UCLA Ph.D. student Ben Forbes enjoyed the opportunity to see his Ohio-based HFI counterparts at the conference. He presented his research protocol, “Towards Human-Centered Teleoperation Through Learning-based Shared Autonomy Control,” which centers on human experience in teleoperation. Forbes appreciated the feedback about ideas for shared autonomy algorithms. “People appreciated the way that our work focused on the human as opposed to robotic task performance,” he said. “I gained a lot of valuable perspectives from prominent figures in academia about where they think the field of haptics and tactile sensing is going. I learned a lot about measures of the human sense of touch and about ways to improve my research. I appreciated the perspectives of folks from industry.”
Cleveland State Ph.D. student Kelleigh Pettegrew shared the ways researchers describe and understand the experience of human-in-the-loop research. “Many people remarked that this was an interesting and understudied area of research, and that they would like to see follow-up work,” she said, while noting that she enjoyed learning about work being done on haptics to support rehabilitation and physical therapy while in Reno.

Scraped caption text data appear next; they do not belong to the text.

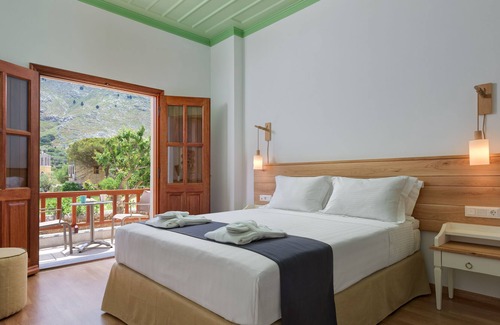 Pedi Apartment | Superior Apartment with Private Veranda and Sea View A, Symi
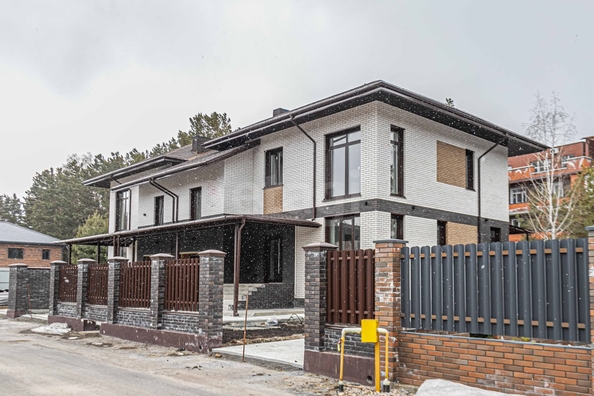 
  Продается дом 217.96 м². Фото 1.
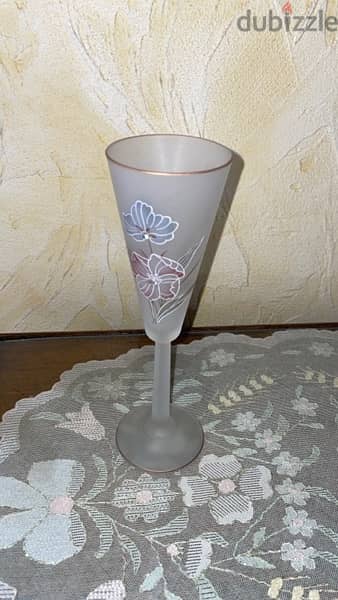 set of flutes glass 1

Also an HFI Ph.D. student from Cleveland State, Claire Foley focused on knowledge integration of transdisciplinary research teams. “I find that teams cycle through periods of structure, periods where norms and roles are defined, and anti-structure, periods where roles and norms are loosened,” she said. “I also find that moving through this dynamic is effortful, but requires less effort when all participants’ perspectives, knowledge, and experiences are valued as meaningful contributions to the work, regardless of discipline, role, or seniority. In many of my conversations, people expressed enthusiasm for HFI’s haptics research more broadly, both in its scope and approach. One person said, ‘It seems like this team is having fun while doing research.’ I told them that this was absolutely true.”
In addition to giving their own presentations, researchers had the opportunity to network with other engineers in the haptics field. “One of the most interesting things I learned (at the conference) was that the haptics field itself is still in its infancy, and there is a lot of interesting work going on right now as the field grows,” said Chen.